As an example, at a certain point while exploring the city slums Cloud meets an old acquaintance: a young teacher that usually works in a poor quarter. While in this new course she’s just masked to go to a party (or something similar), in the original game the player was faced with the tragedy of a girl doomed to have a double life (teacher in the day, a prostitute at night) since she couldn’t make ends meet. Many long-time fans condemned this (an a few others) rewrites of the story blaming the developers’ inability to dare, but although it is true that the original game had a different attitude, it is still too early to judge an unfinished product. No one knows how long it will take to complete this journey (even the devs state they are still unsure of the exact number of episodes), so I believe that instead of keep comparing this remake with the old one, it would be much better to take it for what it is at the moment.
Like it or not, FF7 sports the most advanced features of dynamic JRPGs, clearly based on the outstanding engine of Final Fantasy XV. The classic turn-based system is available for the true nostalgic player, but I decided to go for a pure 3D system with full freedom of movement and the ability to switch on the fly from any player to the other inside the party. One thing that I sure missed during the story was a real antagonist to deal with so, in the beginning, I thought that 40 hours was a very long time to pass by without a precise goal. Yet, the writers at Square did a good job of tailoring a new story on the different protagonists. Also, the graphic artists did an awesome job in defining and rebuilding from scratch a significant part of Midgar, the city ruled by the evil Shinra Electric Company that is the backbone of the entire FF7 world.
While in the 1997 version you could only sense the magnificence (but also the evilness) of this tentacular, multi-level environment (in a way, we are both dealing with a cyberpunk and steampunk environments), now you can (and you will have to) explore almost every crack and crevice of it, from the slums of the city to Shinra’s higher-ups luxurious quarters.
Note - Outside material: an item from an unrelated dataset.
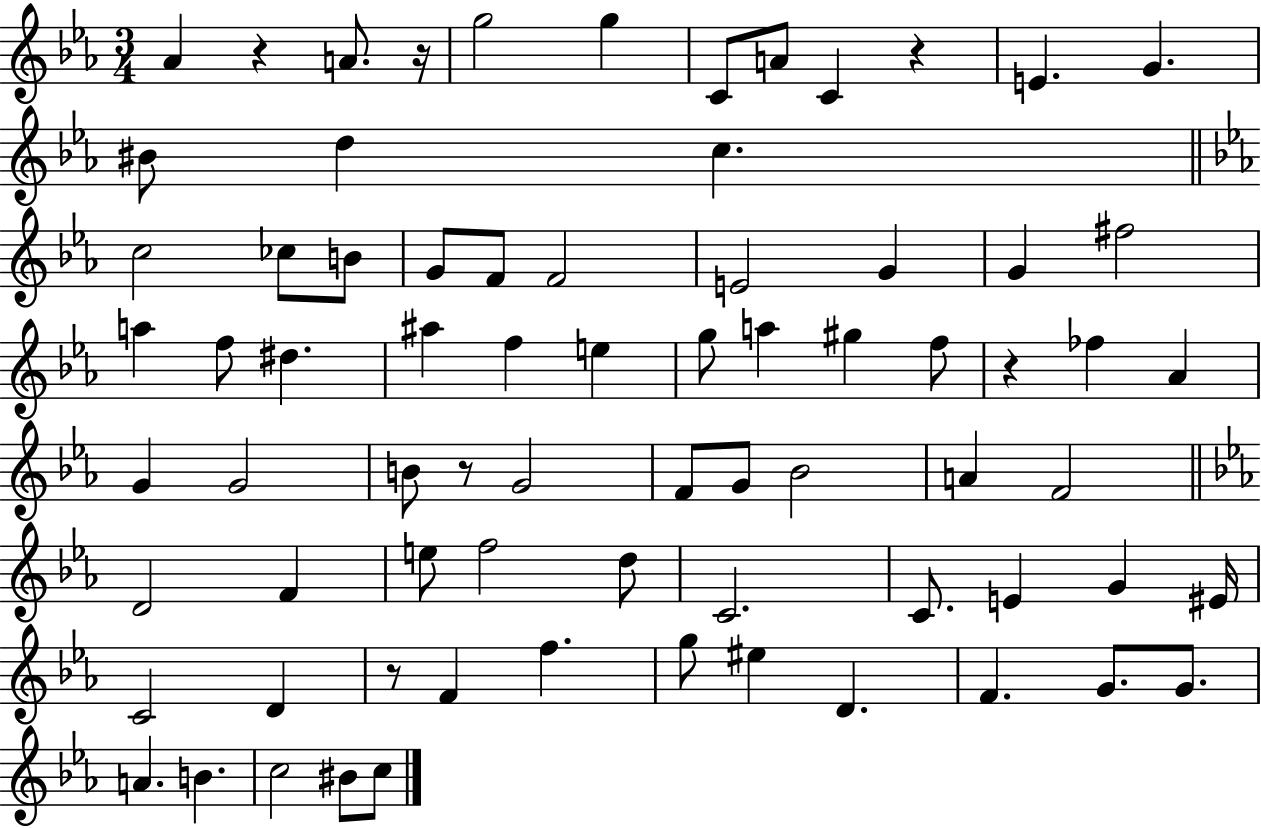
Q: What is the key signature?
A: EES major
I guess the secret for me was to keep exploring and enjoying what I had in my hands, so step by step I got to the end, which actually was a real game-changer. The last few hours, in fact, progress in an endless battle against very powerful foes, definitely raising the level of difficulty and your interest in the game.
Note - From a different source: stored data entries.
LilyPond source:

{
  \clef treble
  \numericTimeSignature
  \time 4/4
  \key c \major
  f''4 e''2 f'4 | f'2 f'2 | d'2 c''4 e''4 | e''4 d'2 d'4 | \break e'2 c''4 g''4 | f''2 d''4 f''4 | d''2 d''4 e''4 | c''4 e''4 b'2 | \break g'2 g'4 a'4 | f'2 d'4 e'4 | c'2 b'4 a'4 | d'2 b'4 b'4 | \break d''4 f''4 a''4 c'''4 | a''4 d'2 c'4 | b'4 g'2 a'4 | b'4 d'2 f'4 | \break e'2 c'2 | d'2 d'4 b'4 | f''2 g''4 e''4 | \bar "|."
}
None of those battles though, as far as I recall, were present in the original game and often you will have to face new ghost-like creatures put into the plot only to preserve its original continuity. Such creatures have really and obviously been conceived to avoid altering the original story since, as said, most of Midgar is now available for an almost free exploration (when not actively involved in a higher-priority main quest).
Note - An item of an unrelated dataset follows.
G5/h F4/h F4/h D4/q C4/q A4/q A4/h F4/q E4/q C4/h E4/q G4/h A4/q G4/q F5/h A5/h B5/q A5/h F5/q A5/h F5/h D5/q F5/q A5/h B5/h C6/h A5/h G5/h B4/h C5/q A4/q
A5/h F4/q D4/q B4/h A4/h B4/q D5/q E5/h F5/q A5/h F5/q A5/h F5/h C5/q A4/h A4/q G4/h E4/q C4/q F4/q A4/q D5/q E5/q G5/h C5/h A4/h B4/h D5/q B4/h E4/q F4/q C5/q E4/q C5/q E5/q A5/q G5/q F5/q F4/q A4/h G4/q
Despite its length, the “only” thing this first episode really misses to do is a deep and true characterization of Cloud, its main protagonist, who entered the history of gaming for his complex personality and psychology. The game is technically well done, the battles are fun and this new story is interesting but, if the original Cloud will not be taken in account, this game seriously runs the risk to end up in an overwhelming endeavor for its devs with no real impact on the history of the videogames, unlike its true, noble, predecessor. What the future holds for us is surely unknown, so we can only hope that this new course can find its true self and that it turns out to be, once again, a memorable story to tell for many years to come. Thank you for reading.